Além disso, todos os exemplos usados se referem a empresas que vendem produtos digitais, serviços habilitados pela internet ou software como o Airbnb e o Uber. Essas empresas são dimensionadas de forma mais precisa porque seus produtos são escalonáveis.

Mas o que considerar para expandir exponencialmente as empresas que não são de software?
O livro aponta especialmente para a necessidade de:

  • Um propósito mais desafiador para a organização;
  • Métricas de desempenho em tempo real acessíveis a todos na organização;
  • Organizações planas, com equipes multidisciplinares auto organizadas, multidisciplinares e com autoridade descentralizada;
  • Rápida prototipagem, falha e adaptação;
  • Ferramentas colaborativas que estimulam a transparência e a conectividade.
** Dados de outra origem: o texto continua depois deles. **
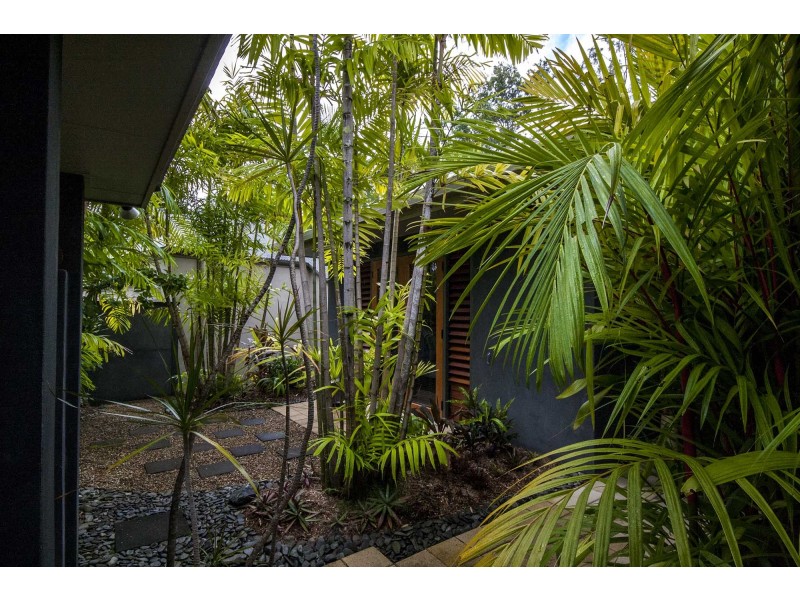 5 Bramble Street, Clifton Beach QLD 4879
Um dos exemplos apresentado pelos autores é da empresa de varejo on-line Zappos, que é pioneira nesses aspectos citados, anunciando a intenção de se tornar uma organização holacrática (uma estrutura organizacional que enfoca menos os papéis de gestão tradicionais e mais sobre a autonomia).

Estruturas organizacionais inovadoras também permitem a experimentação constante de novas ideias, e rápidos ciclos de aprendizado.

Além disso, a digitalização dos negócios está transformando processos cada vez mais eficientes em verdadeiros sistemas de aprendizagem, mesmo em empresas que não são de software. Por exemplo, a General Electric incorpora sensores em seus produtos para monitorar constantemente o desempenho e coletar dados para otimização. Mais notavelmente, os dados podem ser aproveitados para obter novos insights sobre seus clientes e produtos, permitindo a melhoria contínua nos negócios existentes e grandes apostas estratégicas, quando necessário.

Por fim o livro discute:

  1. Sistemas de reputação digital: monitoramento e análise das informações sobre uma determinada empresa ou pessoa na internet para orientar a percepção da sua imagem na rede;
  2. Gamification: uso de técnicas dos jogos para aproveitar os desejos naturais das pessoas por competição, obtenção de resultados-, recompensa, auto expressão, vaidade, altruísmo e reconhecimento.
    Os novos modelos de negócios escaláveis são aqueles que fornecem aos clientes ferramentas e informações sobre como “fazer você mesmo”. Aproveitar a digitalização e permitir o atendimento de uma necessidade crescente de “auto aprendizado” pelo cliente, proporcionará novos defensores da marca sem nenhum custo para o seu negócio.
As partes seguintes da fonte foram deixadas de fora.